▶ [Problem description] From the line containing "HongKongDoll - พี่สาวสวยแฟนวันเดียว" to the end of the data, retype every line exactly and nothing else. Drop the pictures.
=== Data ===
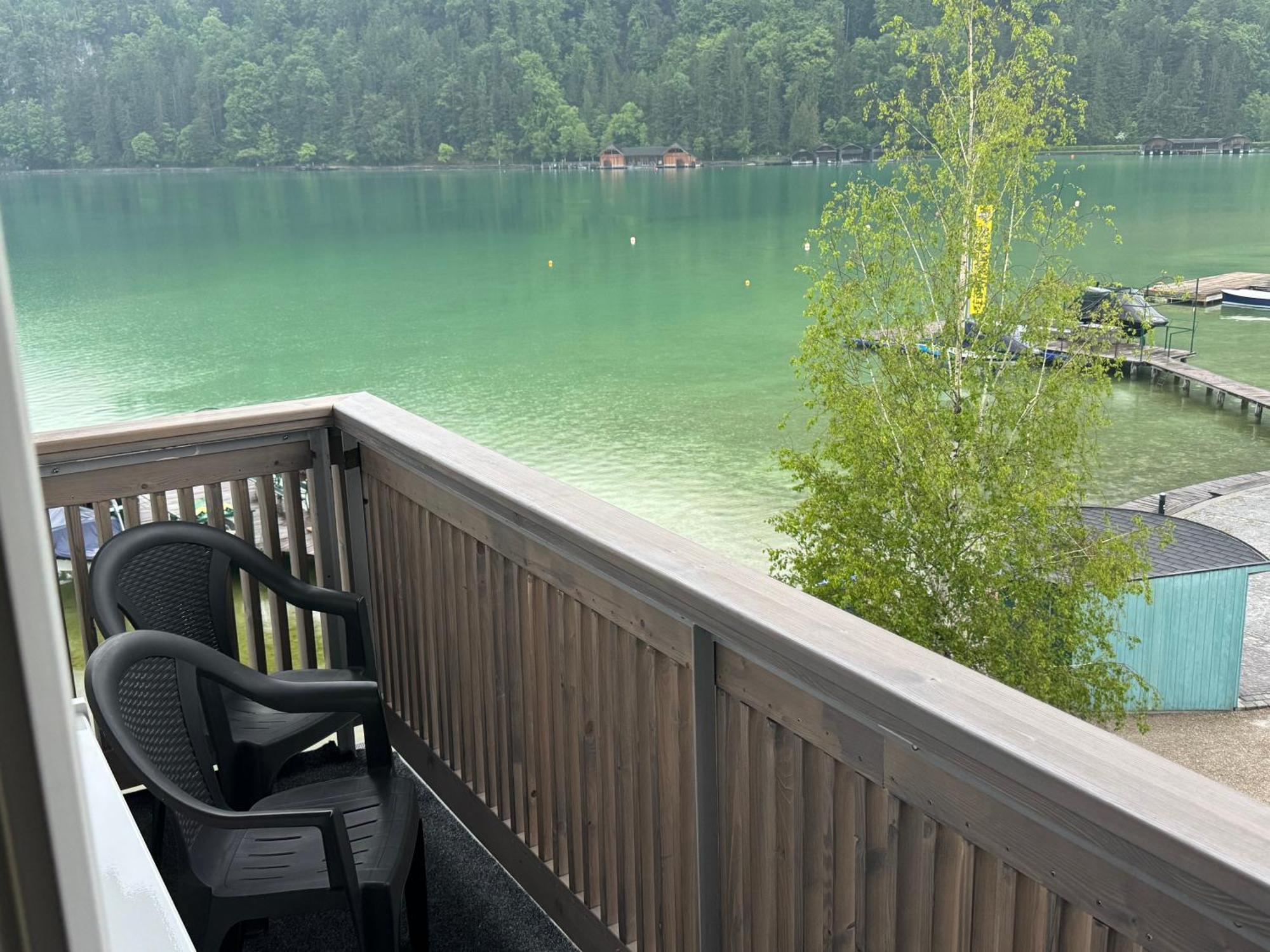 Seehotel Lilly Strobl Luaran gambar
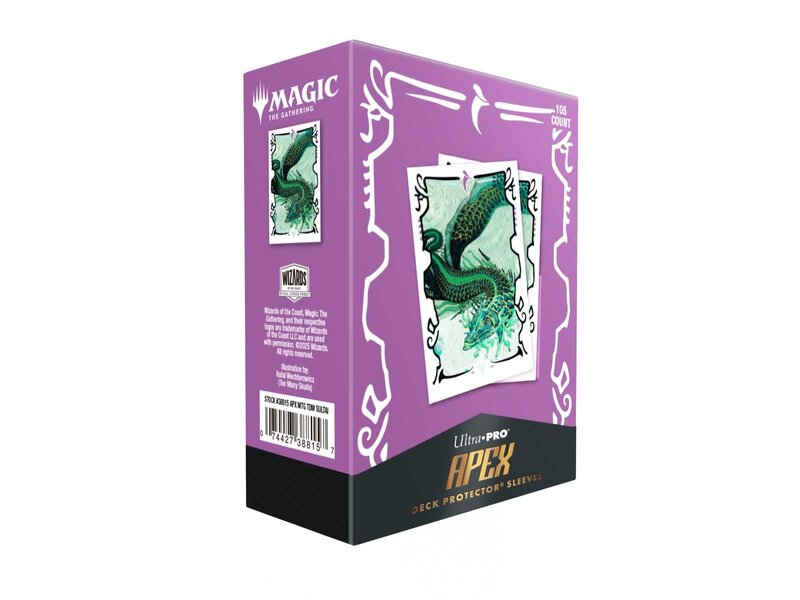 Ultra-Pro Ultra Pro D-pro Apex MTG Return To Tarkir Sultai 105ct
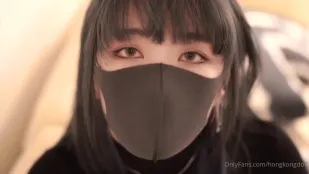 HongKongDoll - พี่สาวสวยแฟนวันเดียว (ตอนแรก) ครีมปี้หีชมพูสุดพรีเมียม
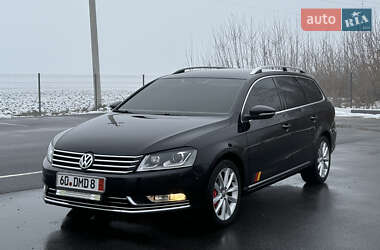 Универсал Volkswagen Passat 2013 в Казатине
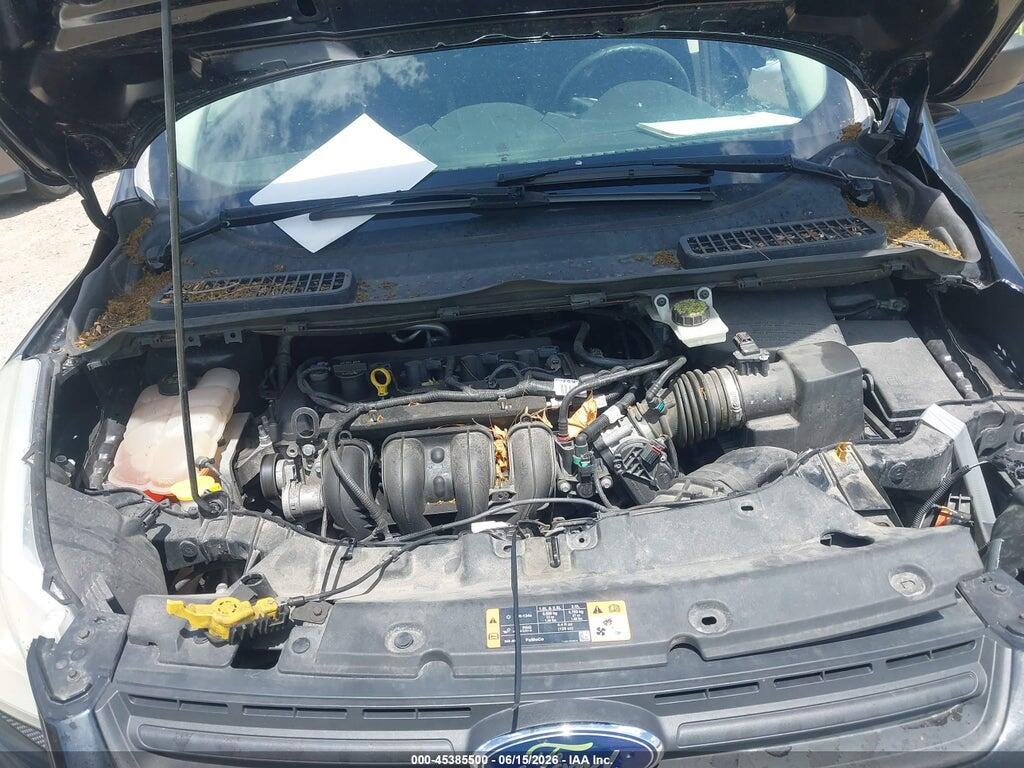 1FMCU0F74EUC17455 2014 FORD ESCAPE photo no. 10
===
▶ [Output]
 HongKongDoll - พี่สาวสวยแฟนวันเดียว (ตอนแรก) ครีมปี้หีชมพูสุดพรีเมียม
 Универсал Volkswagen Passat 2013 в Казатине
 1FMCU0F74EUC17455 2014 FORD ESCAPE photo no. 10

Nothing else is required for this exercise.